Only plant single specimens if they’re absolute whoppers, like gunnera (6ft wide leaves), rodgersia or rheum (ornamental rhubarb).
Don’t think herbaceous perennial are only there for their flowers – the three I’ve just mentioned are grown primarily for their spectacular foliage.
Some plants need staking, but I tend to get round that by planting things very close, or inserting twiggy branches around the new shoots in spring. The plants grow through them and they’re unobtrusive. There’s also good supports on the market – check out my useful links.
You may have heard of the ‘Chelsea Chop’ – simply cutting back growth by a half to a third around the last week in May. It’s an idea if you want bushier plants which are less prone to wind damage, but it will delay flowering. You can even just do half the plant if you wish, to make it flower over a longer period.
Suitable plants include: Anthemis tinctoria, Echinacea, Helenium, phlox paniculata, upright Sedums and Solidago.
The downside to such a blaze of glory is the dying down in autumn. Conventional wisdom told us to chop them down at the first frosts.

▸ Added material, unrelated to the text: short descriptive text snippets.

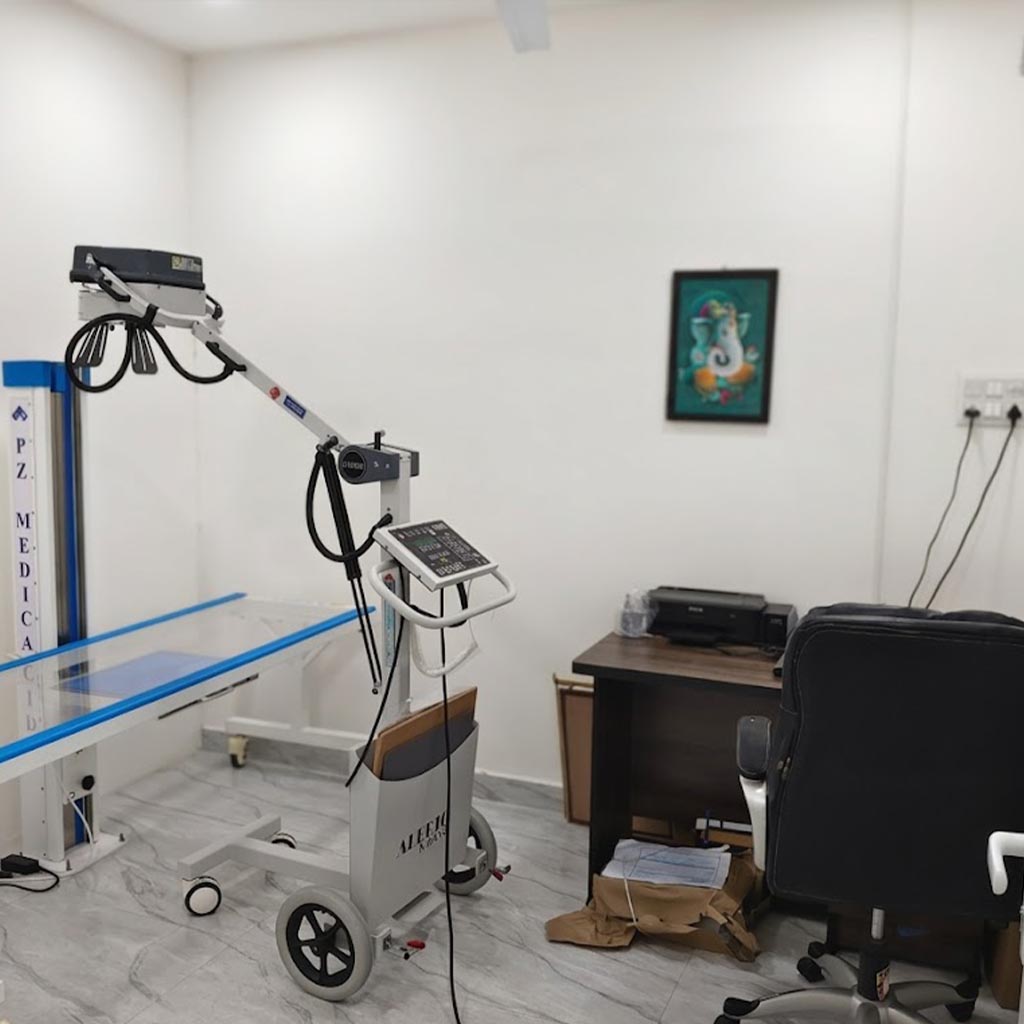 Pulse Speciality Clinic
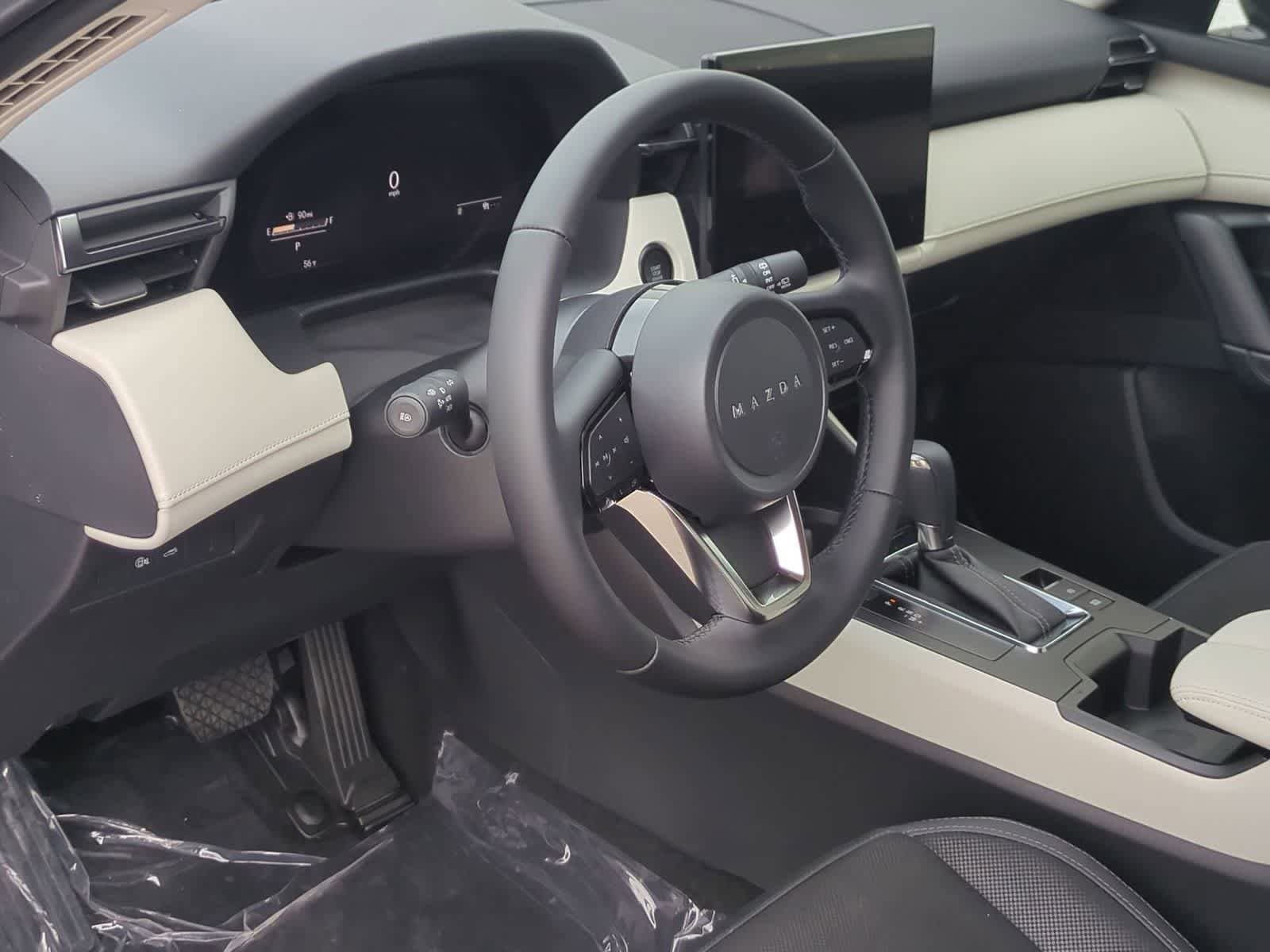Thumbnail: 2026 Mazda CX-5 - 2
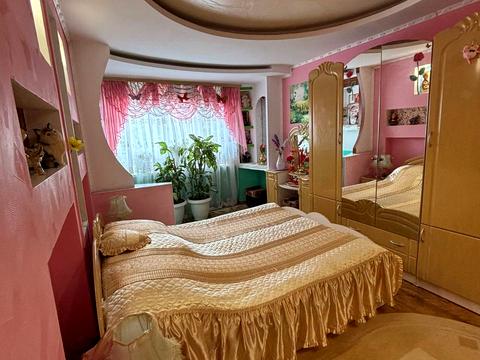 квартира за адресою Владислава Бувалкіна вул. (Бочарова Генерала), 12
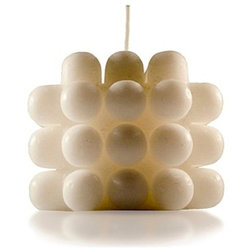 Contemporary Candles And Candleholders by Andrej Urem Collection
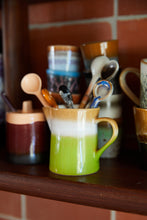 Load image into Gallery viewer, 70s ceramics: milk jug & sugar pot, foreland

I’m glad things are changing, that some of us are leaving behind the skeletons of the plants to help the birds and overwintering insects, giving some structure to a bleak time of year. A true gardener has the ability to see whatever is there at the moment, appreciate it, and the ability to look forward to the next stage of growth. And that’s why I love herbaceous perennials.
HERE are some of my favourites:
* Heucheras and heucherellas are neat ground huggers. I recommend Plum Pudding and Marmalade.
* For shade, Pulmonaria ocupol Opal (liverwort); pale-blue flowers above small leaves blotched and spotted with silver.
* Achillea mollis, or lady’s mantle; frothy lime flowers and handsome foliage.
* The massive daisy family; rudbeckia, gaillardia, echinacea, etc, come in a wide variety of colours and usually flower in late summer/early autumn.
* Cardoon (cynara) or globe artichokes; stately and architectural plants for the back of the border.
* Kniphofia (red hot pokers); Ice Queen – green-tipped buds opening creamy-yellow and Kniphofia uvaria Nobilis, fiery red.
* Lamprocapnos (Dicentra) spectabilis Alba, or white bleeding heart, fresh green leaves and perfect flower stems.
* Echinops and eryngium; the globe thistle and sea holly, both with architectural foliage and flowers, in shades of steely blue/grey and loved by bees.
* Bear’s breeches (Acanthus mollis); glossy, lobed foliage and tall white/purple flower spikes, 1-1.5 metres.
* Yarrow (Achillea millefolium) – many varieties, eg Cloth of Gold grows to 1.8m, with large, flattened heads of bright yellow flowers. I have the Summer Berries mix in the front garden, easy to grow from seed.
* Hostas and Sedums; both great foliage and flowers.
* Aquilegia (Granny’s bonnet, Columbine); the epitome of the cottage garden. I have a form similar to Blackcurrant Ice (deep purple/white).
* Helianthus (perennial sunflower) Lemon Queen; 2m tall, with dark green foliage and light yellow flowers 5cm wide.
* One perennial that keeps its leaves in winter is Bergenia. I have Admiral, with oval leaves, bright winter colour with bronze and crimson tints with cherry-pink flowers in spring.